Wednesday, December 31, 2014

The Past ("Colorless Tsukuru Tazaki and His Years of Pilgrimage" by Haruki Murakami; Philip Gabriel, trans.)

2014 marked ten years since I graduated from high school--a small, some would say meaningless milestone that is typically accompanied by a reunion of some sort. In my case, the invitation arrived a few weeks into August, after some dedicated outreach on the part of a former classmate. She organized a modest get-together in a community park less than a mile from our old high school, nothing too demanding, and attending would have been easy--after all, I only live 90 minutes away and have weekends free. Nevertheless, I didn't go, and I don't plan on attending any reunions in the future, either. This decision had nothing to do with the quality of my high school, which I enjoyed overall, nor an attitude about my former classmates; instead, my decision has everything to do with the person I used to be and how that version of myself doesn't exist anymore.

Yes, we all change after high school, but most people change linearly:  they become the person they were already becoming, moving every further down a straight line while leaving behind those aspects of themselves that they outgrow. There are those rare few, however, who change in substance rather than style or amplitude. (To be more metaphorical about it, most of us change the hues of their self-portrait, deepening some colors and lightening others, while a few simply paint over the entire canvass with something completely new. I would fall into this latter category.) The high-school version of myself was a different creature altogether, a character constructed Frankenstein-like to mask--or personify, I've never been sure which--the toxic punch of sadness, self-loathing, anger, confusion, and desperate clawing jealousy that fueled my teenage years. Not that I was miserable by any stretch of the imagination, or that the tempestuous emotions raging inside of me were any worse than those experienced by my classmates, but the relationships I built were always shallow and one-sided, and to this day I'm only in regular contact with two or three people from that time in my life. This was not an instance of people "drifting apart," as the cliche goes; this was an example of people leaving the theatre after a four-year performance unaware that one of the actors had joined them in the streets, having been too consumed by himself to care about anyone sitting in the audience beyond their occasional applause.

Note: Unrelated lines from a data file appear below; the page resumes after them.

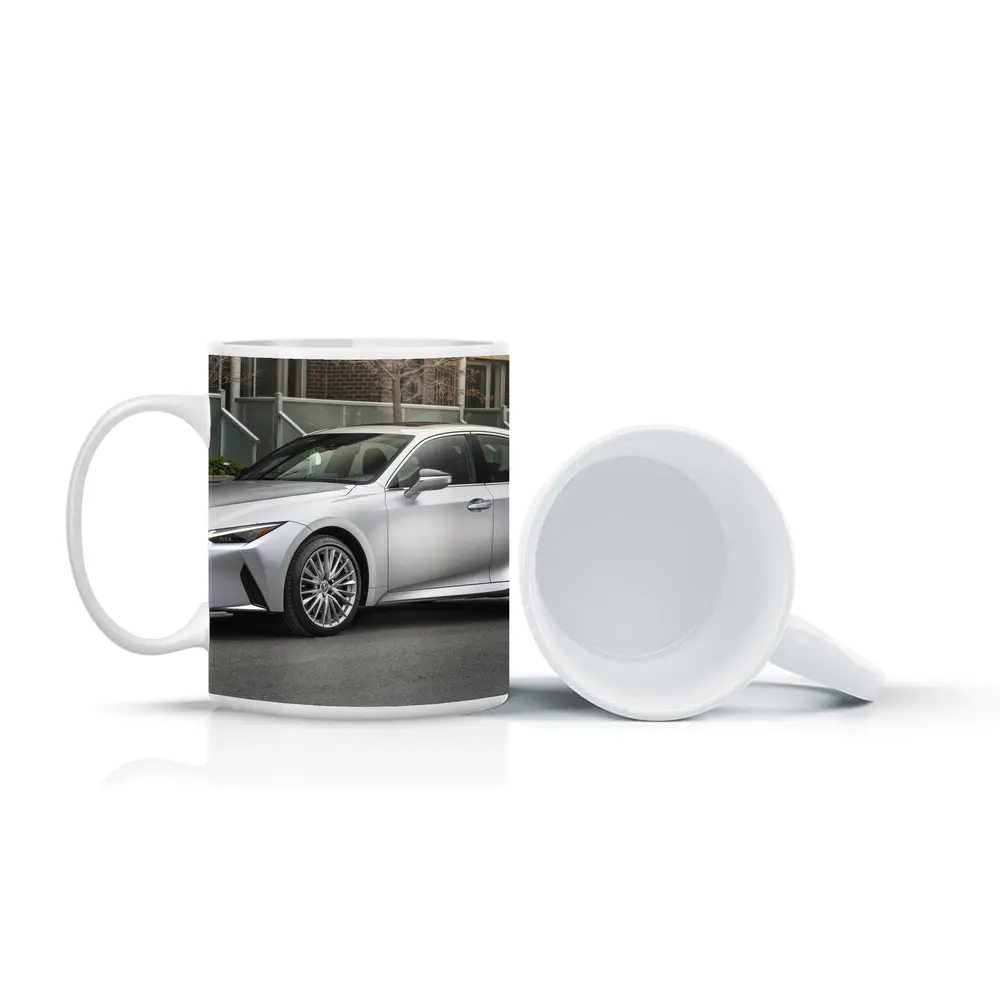 Lexus IS Silver Sedan Urban Street Setting – Mugs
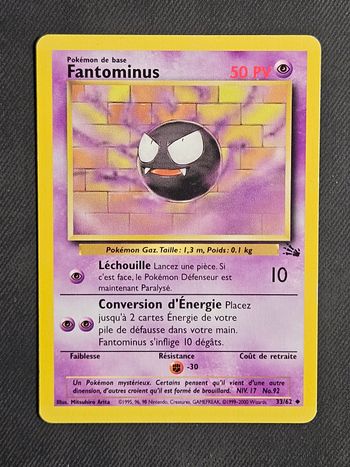 Carte Pokemon Arbok Fossile 33/62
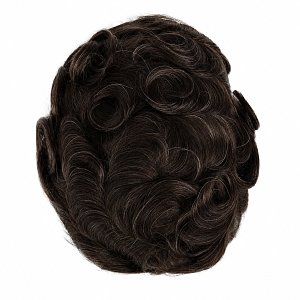Unsichtbares Herren-Toupet fur Haarausfall, Naturlicher Look Hellbraun mit 20% grauen Haaren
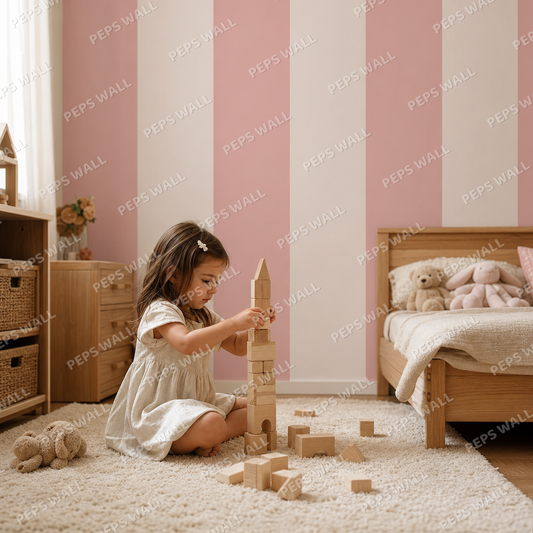 Pink Stripe Cabana kids room wallpaper - custom mural printed and installed in Dubai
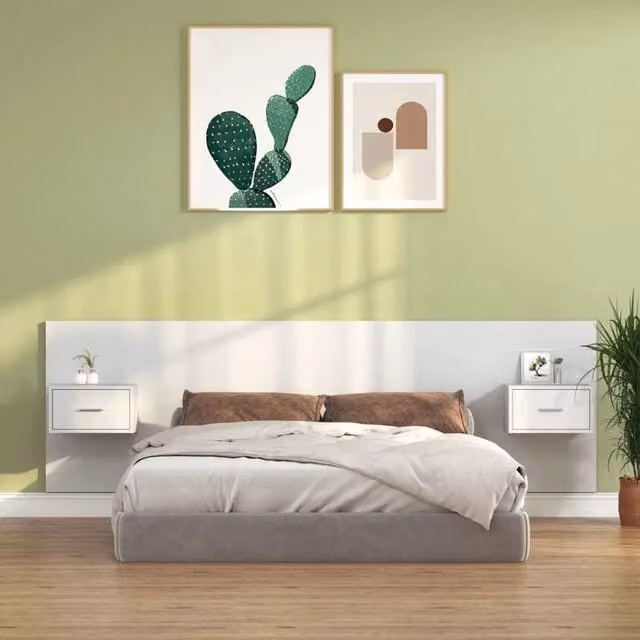 Testiera per Letto con Comodini-Testiera con Contenitore in Legno Multistrato Bianco 524852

While every teenager is different, I was different in more than just the usual ways--permanently, undeniably different--and it would take me another few years to fully understand and accept those differences...and only then, in my early 20s, could I actually begin to work on myself in the same way most of my classmates had years before. They'd had guides to help them, people who had been through many of the same experiences and could lend their wisdom or point my classmates in the right directions. And while I was blessed with fantastic parents and excellent teachers, none of them could offer me a guiding hand because none of them had faced down the long stretch of asphalt that had been steamrolled out in front of me. And I was too afraid--too ashamed, too mistrusting--to ask for a pair of shoes before setting my feet on the boiling tar and beginning my walk. Looking back, and knowing what I know now, it's easy to blame myself for being fearful of something that was terrifying only because I decided that it was, because I didn't think I was strong enough or mature enough to handle it. In the moment, however, life's obstacles can seem insurmountable.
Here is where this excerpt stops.